Three teams had essentially (not always mathematically, but realistically) won their group after the second group game: Colombia, France and Belgium.
Everyone else had to fight in their final group game. Either they hadn't yet secured their place in the knockout stage or they needed a positive result to confirm their position at the top of their group. Therefore, the majority of group winners played strong teams for their third match. Only Colombia, France and Belgium were able to rest players.
This allowed those three a significant advantage, and Colombia, France and Belgium were the most dominant teams in their round of 16 matches. Colombia and France recorded straightforward 2-0 victories while Belgium battered the United States for long periods even though they required extra time to complete the victory.
Compare the team sheets between each side's final group game and their round of 16 game and there's an obvious difference. For example, Colombia and Uruguay had completely different periods of rest ahead of their knockout match at the Maracana.
Colombia had won Group C after the second matchday, and for the final group game, a 4-1 thrashing of Japan, they essentially used a reserve side. Of the outfield players, only left-back Pablo Armero and left-forward Jackson Martinez played the entire final group game and started against Uruguay. Juan Cuadrado and James Rodriguez played 45 minutes each against Japan.
That's effectively three complete games of action. We can give them a tiredness rating of 3/10.
For Uruguay, it was an entirely different story. They needed a victory against Italy on a swelteringly hot 1 p.m. kickoff in Natal and secured it with a late Diego Godin header in a match overshadowed by Luis Suarez's bite.
Oscar Tabarez kept almost exactly the same team for the game against Colombia, with Maxi Pereira coming into the side permanently, having replaced Nicolas Lodeiro at halftime against Italy. Meanwhile, Diego Forlan replaced the suspended Suarez. Therefore, eight and a half players had played the match against Italy. Tiredness rating: 8.5/10.
The contrast was obvious. Colombia are a better side, certainly, but they were also sharper and quicker and their full-backs were capable of going on long-distance runs to push back the Uruguayan wing-backs. Tabarez's side recovered once he turned to his bench in the second half.
Similar effects can be observed when assessing the other two dominant round of 16 performances. France kept just four outfielders -- Laurent Koscielny, Paul Pogba, Blaise Matuidi and Karim Benzema -- from the side that had drawn 0-0 against Ecuador with Group E already sewn up. Tiredness rating: 4/10.
Their round of 16 opponent Nigeria were in the opposite situation. They had made only one change, and that was because of Michel Babatunde's injury. Victor Moses came into the side, but everyone else remained the same. Tiredness rating: 9/10.
Belgium were the third side to win their group comfortably and retained just Daniel van Buyten, Jan Vertonghen, Marouane Fellaini and Dries Mertens between their last group game and their round of 16 match with the U.S.
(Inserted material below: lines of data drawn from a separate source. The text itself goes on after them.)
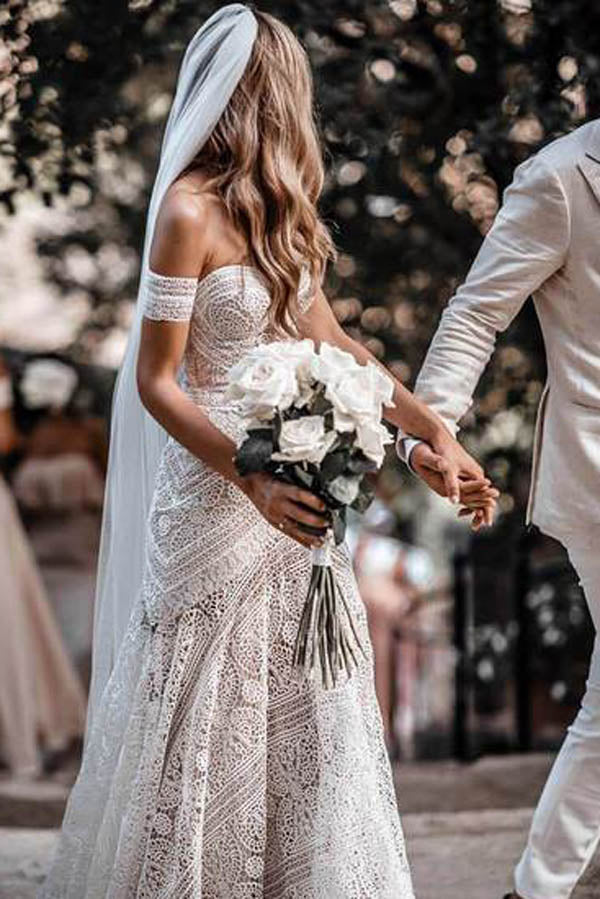 Boho Wedding Dress: Sweetheart Neck Appliques Beaded Lace Bridal Gown with  Bra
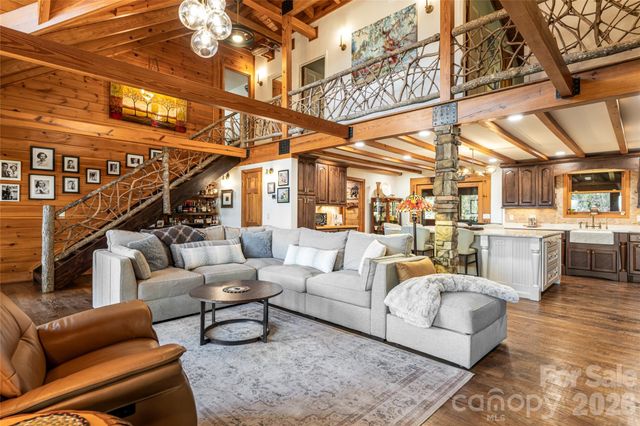 580 Flying Hawk Trail, Waynesville, NC 28786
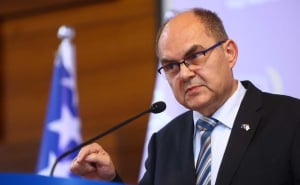 Pročitajte kompletnu Schmitovu odluku: Država neće plaćati dugove entiteta!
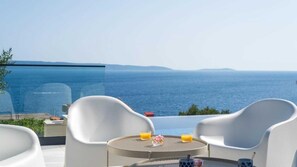 Outdoor dining - Villa Julian with a heated pool (Okrug Gornji)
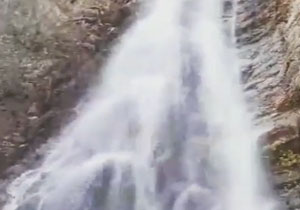 برپایی نمایشگاه ویژه ماه محرم در روستای تکه/ نمایی از آبشار زیبا در روستای کیارام + فیلم و تصاویر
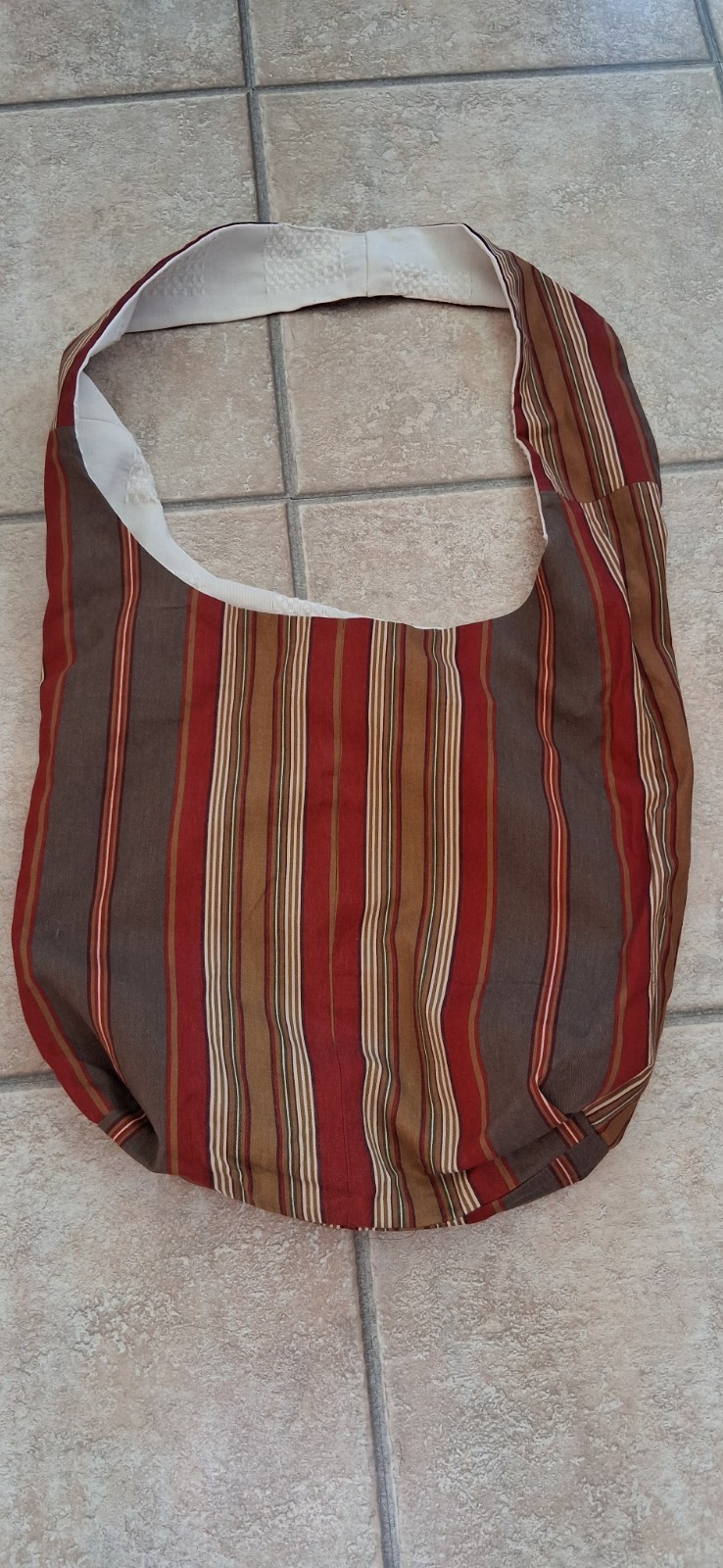 Custom made reversable tote with pocket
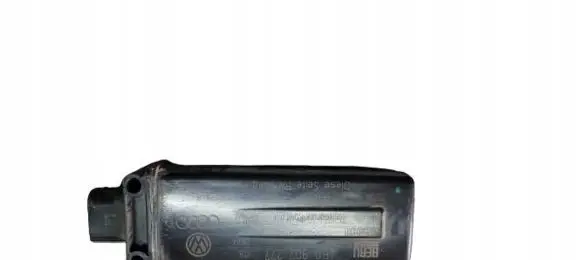 Audi A8 S8 D3 4E Tire pressure sensor 4E0907277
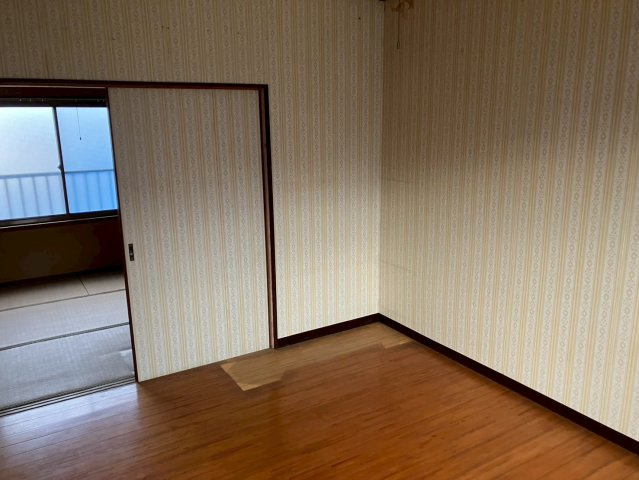 大牟田市歴木中古戸建ての洋室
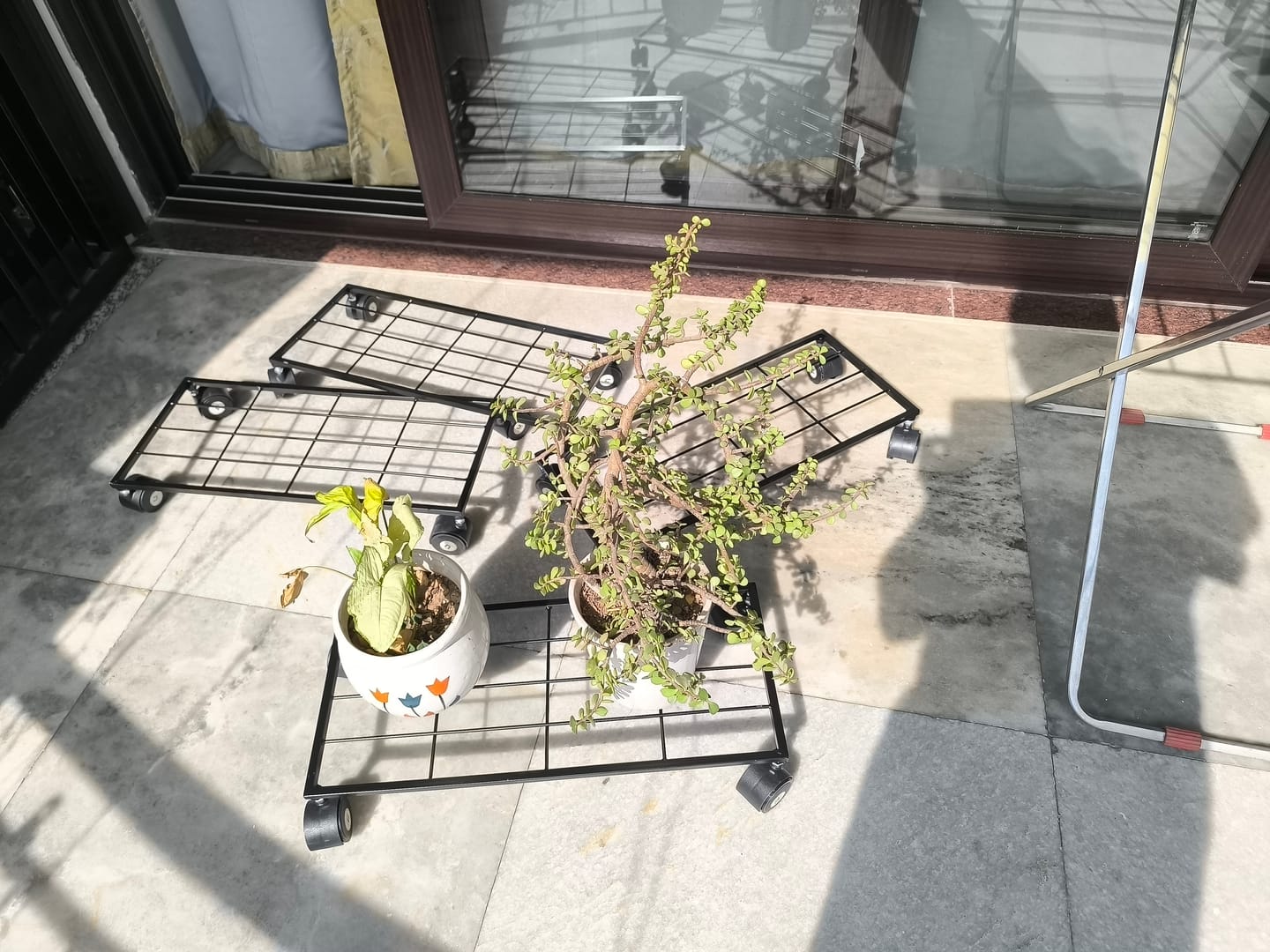 Customer photo review of United Crafts Aory High-Quality Wheel Metal Stands
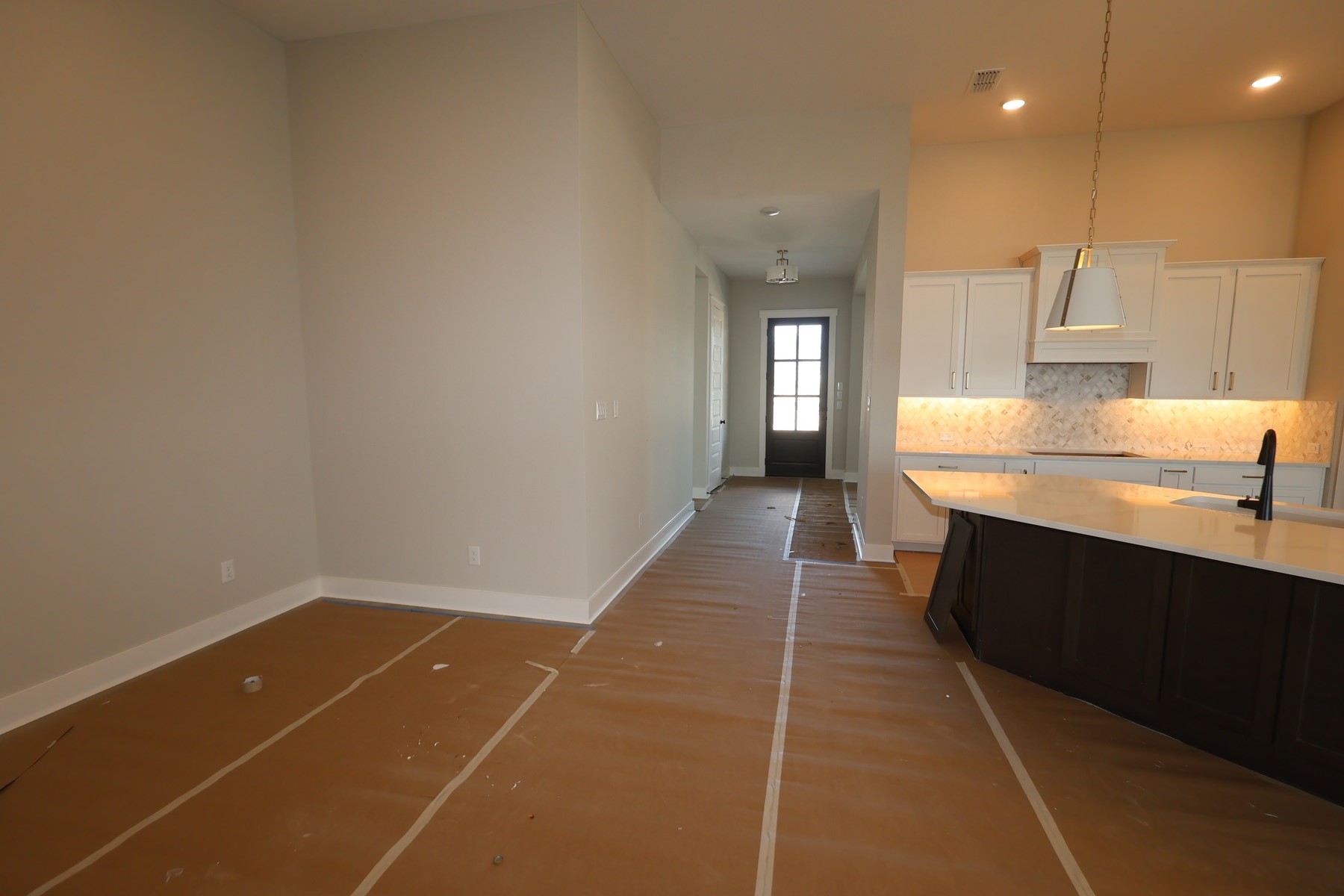 12415 Emerald Enclave Drive Property Photo 6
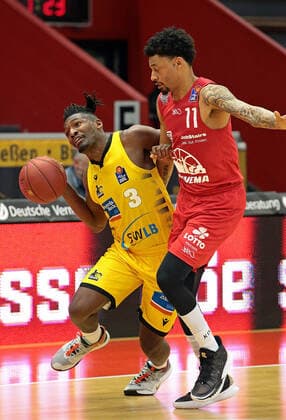 24 04 2021, xovx, Basketball BBL, JobStairs Gießen 46ers MHP RIESEN Ludwigsburg v l Jaleen Smith MHP Riesen Ludwigsburg , Diante Garrett Gießen 46ers Gießen Sporthalle Gießen Ost Hessen Germany EN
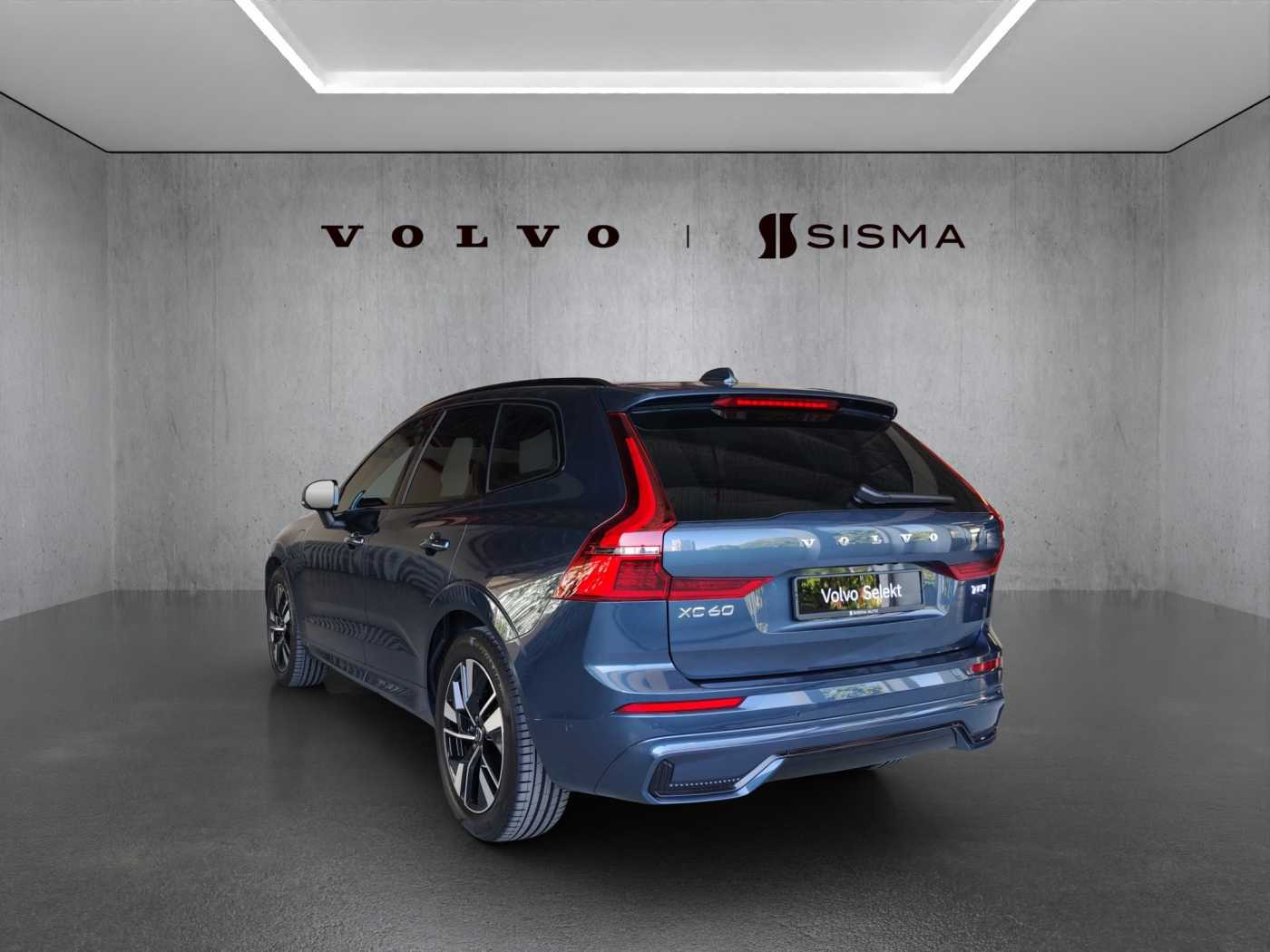 Volvo  XC60 Ultra, T8 AWD Plug-in hybrid, Electric/Petrol, Dark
Jurgen Klinsmann selected eight of the same players for the U.S., with Kyle Beckerman and Brad Davis making way for Geoff Cameron and Alejandro Bedoya.
Tiredness rating matchup? 4/10 vs. 8/10.
This is all anecdotal evidence, of course, and the fact remains that group winners are simply more likely to be better teams than runners-up. When you throw in the fact that two matches were decided in favour of the group winners on penalty kicks, there was an element of unpredictability too.
However, in the only three dominant round of 16 matches, fatigue was a huge factor: Uruguay played Colombia on the back of just three days' rest, whereas the majority of the Colombians had enjoyed eight. That pattern was repeated for the other two similar games.
In summary, there is certainly an advantage in winning your group and (generally) avoiding a strong opponent in the round of 16, but there's an even bigger advantage in winning your group before the third matchday. It allows a crucial extra period of rest, which often proves decisive.